Avalanche Lake in Glacier National Park

Sandia Mountain in New Mexico

The tendency nowadays to wander in wildernesses is delightful to see. Thousands of tired, nerve-shaken, over-civilized people are beginning to find out that going to the mountains is going home; that wildness is a necessity; and that mountain parks and reservations are useful not only as fountains of timber and irrigating rivers, but as fountains of life. Awakening from the stupefying effects of the vice of over-industry and the deadly apathy of luxury, they are trying as best they can to mix and enrich their own little ongoings with those of Nature, and to get rid of rust and disease. Briskly venturing and roaming, some are washing off sins and cobweb cares of the devil's spinning in all-day storms on mountains; sauntering in rosiny pinewoods or in gentian meadows, brushing through chaparral, bending down and parting sweet, flowery sprays; tracing rivers to their sources, getting in touch with the nerves of Mother Earth; jumping from rock to rock, feeling the life of them, learning the songs of them, panting in whole-souled exercise, and rejoicing in deep, long-drawn breaths of pure wildness. This is fine and natural and full of promise. – John Muir

My family and I had planned a weekend excursion to Ouray, Colorado. At the last minute I backed-out; I’m still not completely sure why. We stayed around the house most of the weekend with the exception of a trek to nearby Sandia Mountain (10,678 ft) on Sunday, to hike the trails. Unfortunately, Sandia was not in the cards either. All trails were closed due to fire hazard.
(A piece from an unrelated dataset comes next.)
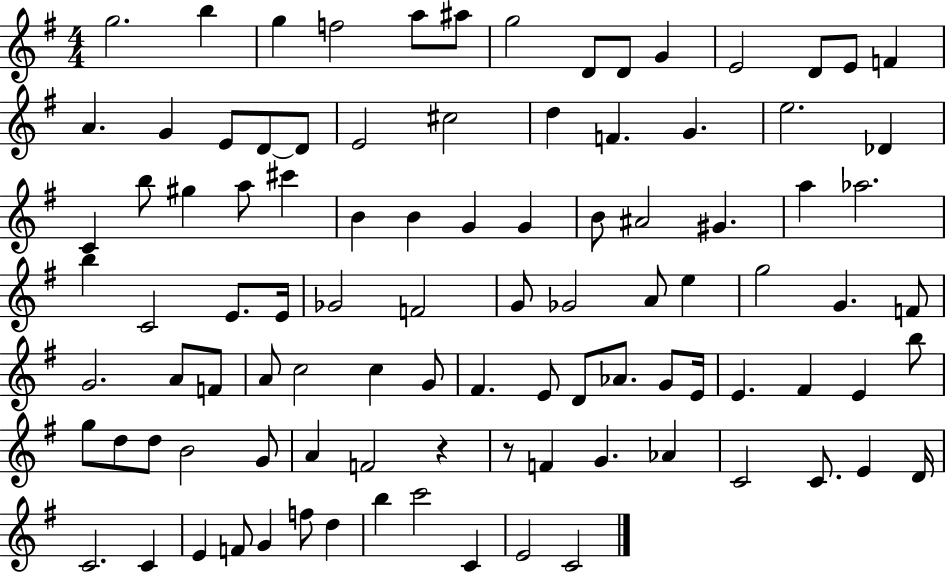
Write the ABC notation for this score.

Our original destination of Ouray was inspired by Ayn Rand’s novel Atlas Shrugged. The town is located in a valley of the San Juan Mountains of southwestern Colorado, ten miles north of the more famous community of Telluride, but so difficult to reach, that the drive is nearly an hour long. I say my trip was inspired by Ayn Rand, because I only recently decided to visit after learning that she had used the town as a model for John Galt’s secret hideaway in the Rockies, after she had visited the valley in the early twentieth century. Ouray is also known as “Switzerland of America”, so with those selling points we were more than ready to hop in the car and tour the local “alps”.
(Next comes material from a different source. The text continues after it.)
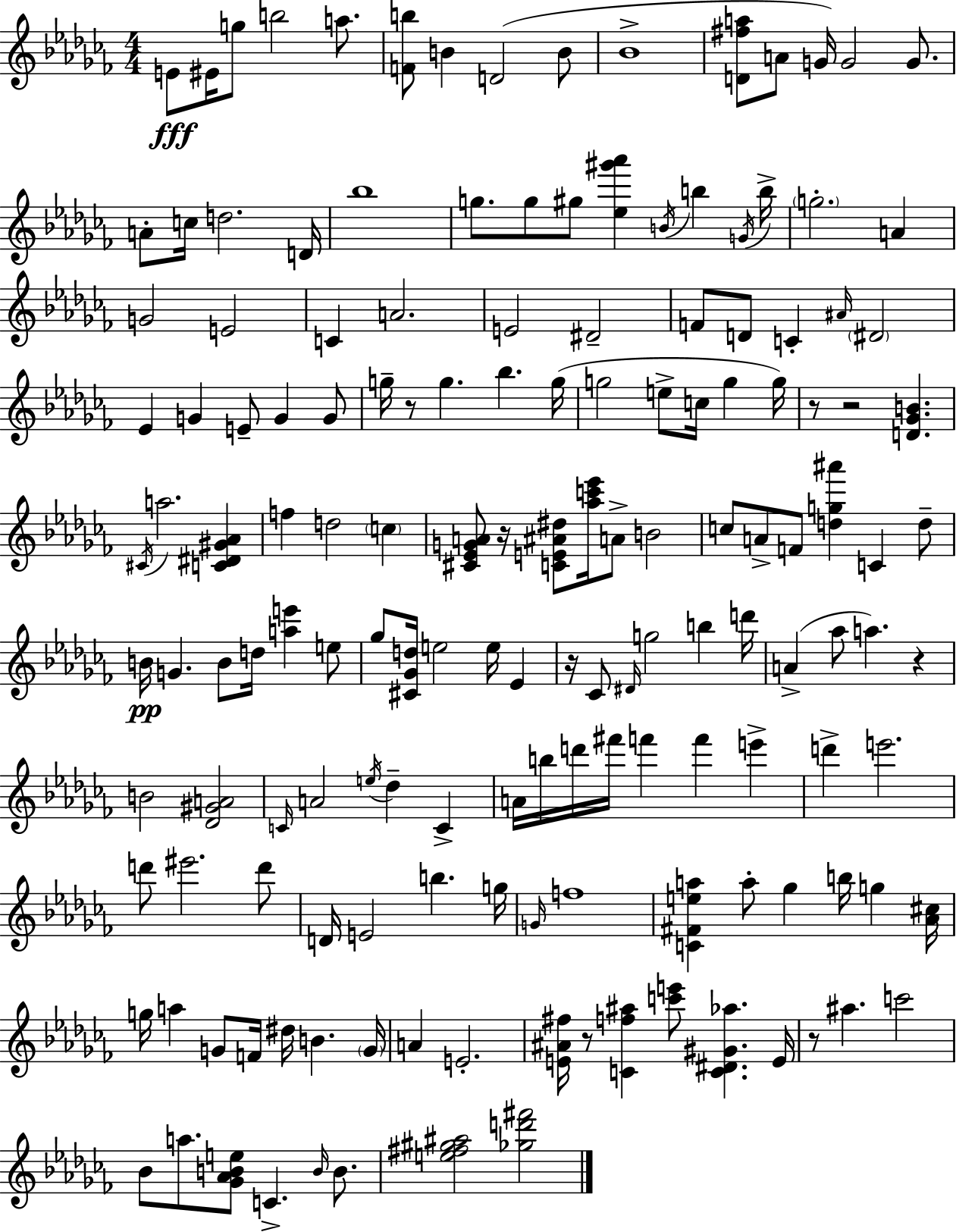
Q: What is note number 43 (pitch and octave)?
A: G4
Motivation, in general, has been a bear for over a month. Maybe it is the summer heat; perhaps its just having my daughter home from school. I’m outdoors a lot more, which should be inspirational enough, but everything in this high desert is uncomfortably dry and I long for places I loved in Montana, such as the Yaak Valley and Hebgen Lake where moisture wasn’t such a commodity. I expected to feel a sense of return to the alpine lakes of Glacier Park by visiting Ouray. It was this need for return that I believe led to my feelings of dread towards the leaving of Colorado, before ever visiting – and ultimately, my avoidance of the trip.
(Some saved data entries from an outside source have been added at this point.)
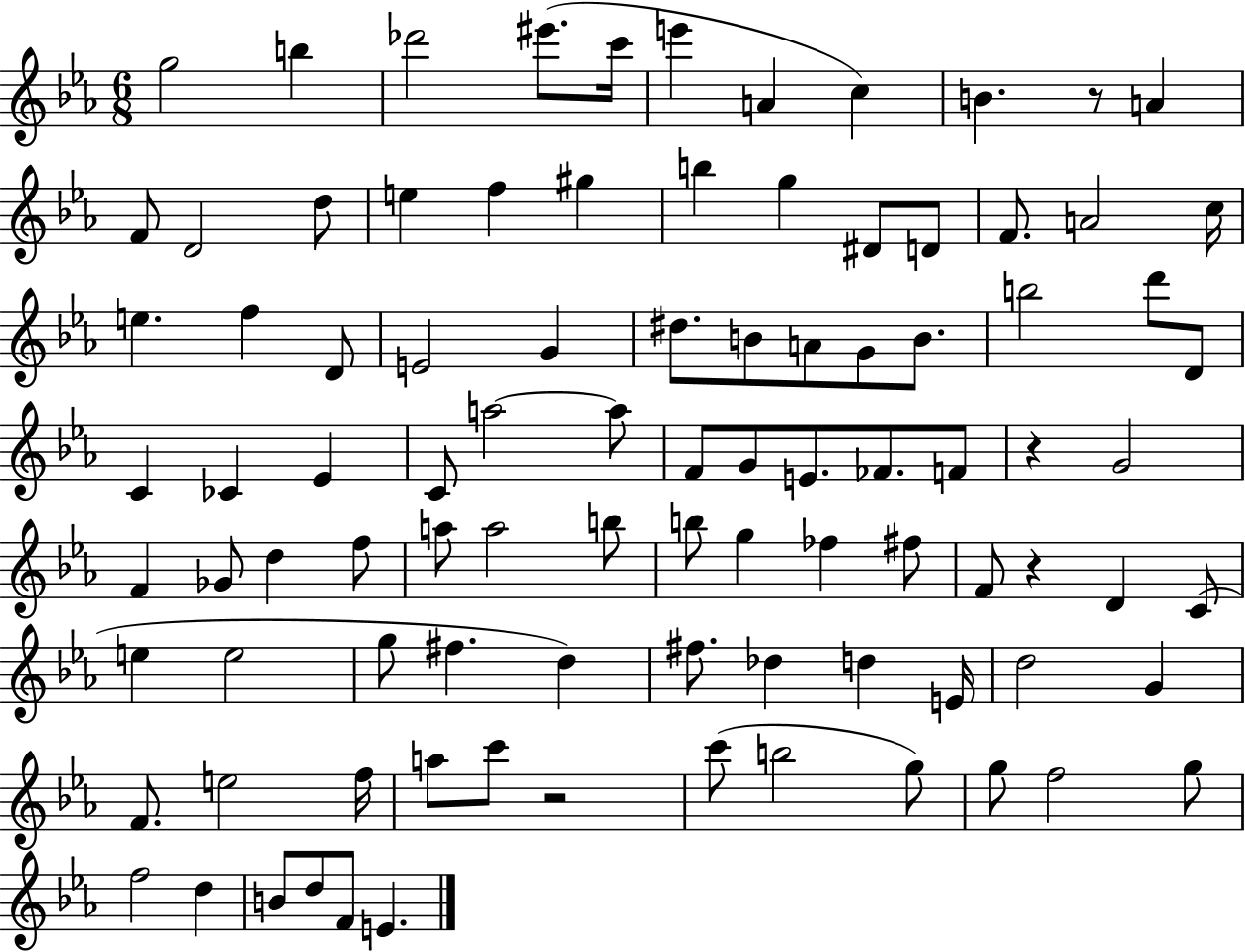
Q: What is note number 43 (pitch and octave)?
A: F4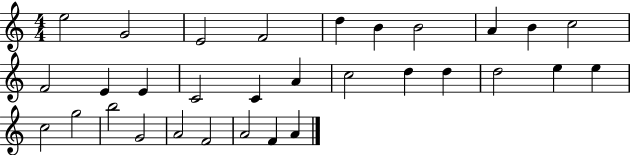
E5/h G4/h E4/h F4/h D5/q B4/q B4/h A4/q B4/q C5/h F4/h E4/q E4/q C4/h C4/q A4/q C5/h D5/q D5/q D5/h E5/q E5/q C5/h G5/h B5/h G4/h A4/h F4/h A4/h F4/q A4/q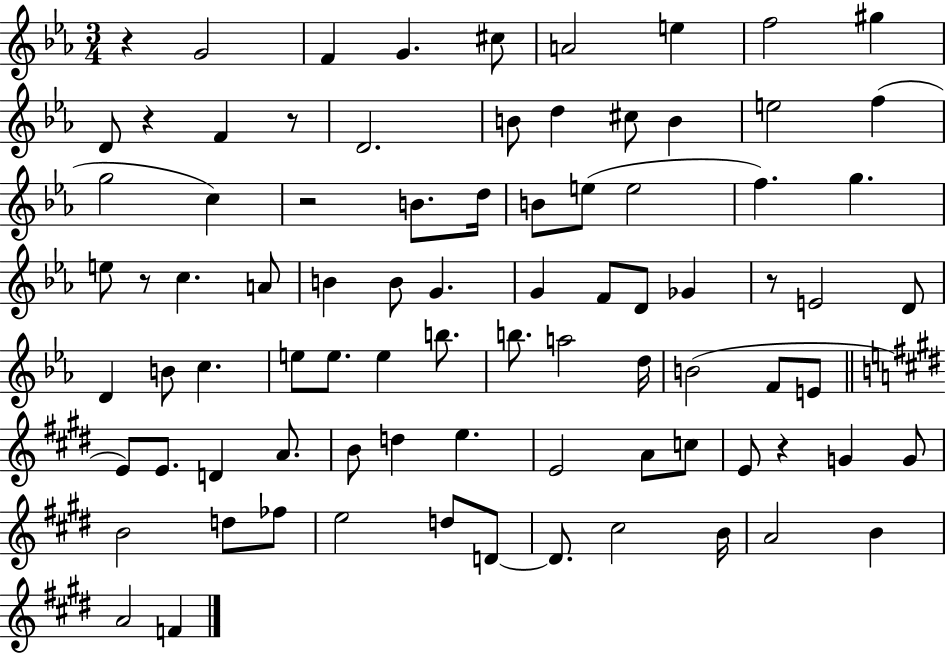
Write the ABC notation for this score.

X:1
T:Untitled
M:3/4
L:1/4
K:Eb
z G2 F G ^c/2 A2 e f2 ^g D/2 z F z/2 D2 B/2 d ^c/2 B e2 f g2 c z2 B/2 d/4 B/2 e/2 e2 f g e/2 z/2 c A/2 B B/2 G G F/2 D/2 _G z/2 E2 D/2 D B/2 c e/2 e/2 e b/2 b/2 a2 d/4 B2 F/2 E/2 E/2 E/2 D A/2 B/2 d e E2 A/2 c/2 E/2 z G G/2 B2 d/2 _f/2 e2 d/2 D/2 D/2 ^c2 B/4 A2 B A2 F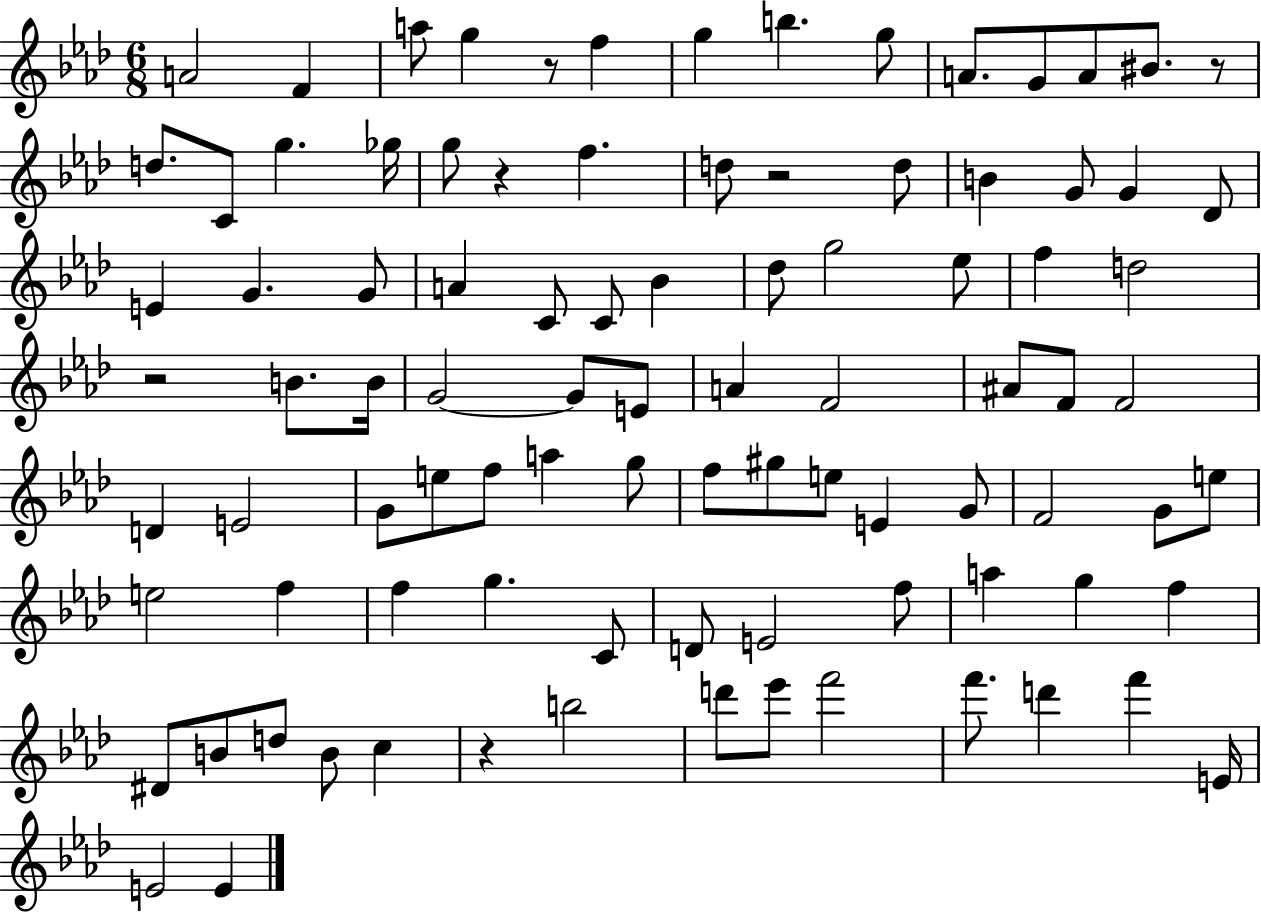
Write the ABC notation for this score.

X:1
T:Untitled
M:6/8
L:1/4
K:Ab
A2 F a/2 g z/2 f g b g/2 A/2 G/2 A/2 ^B/2 z/2 d/2 C/2 g _g/4 g/2 z f d/2 z2 d/2 B G/2 G _D/2 E G G/2 A C/2 C/2 _B _d/2 g2 _e/2 f d2 z2 B/2 B/4 G2 G/2 E/2 A F2 ^A/2 F/2 F2 D E2 G/2 e/2 f/2 a g/2 f/2 ^g/2 e/2 E G/2 F2 G/2 e/2 e2 f f g C/2 D/2 E2 f/2 a g f ^D/2 B/2 d/2 B/2 c z b2 d'/2 _e'/2 f'2 f'/2 d' f' E/4 E2 E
Now the weekend is over and the chance to experience beauty has passed. I can’t answer for my behavior. Most days my wife follows along with my ebbs and flow, though when I’m out of ear-shot, I’m sure she fields her share of questions from our children. It is said that John Muir’s favorite spot in all of Glacier National Park was Avalanche Lake. At this moment, I’d give anything to have to worry about fearless bears while hiking the path to Avalanche Lake in Glacier. I’d equally love to hop in my Rover and make a path just south of the Yaak near Thompson Falls, Montana. There is a place, there in the Cedar Forest, where you can sit inside one of a handful of leviathan-like trees and smell the rain as it passes through the branches and is absorbed by the sticks and needles along the outside trail. It seems like a place where one can always find the rain. Sometimes a longing for rain is just a longing for home.

Although I no longer teach, I have former students that have now graduated and are making decisions whether or not to leave Montana. I still feel as if they are my responsibility. I still want them be "good citizens". I still long for their happiness. I have trouble telling them there is a better world beyond the Rocky Mountain backbone as it curves an eco-system from Lake Louise in Banff to the geysers of Yellowstone. As much as traveling is a part of my soul, I spend a number of my days longing for the brush-covered paths to the streams and rivers branching from innumerable arteries that preserve the life of my Montana.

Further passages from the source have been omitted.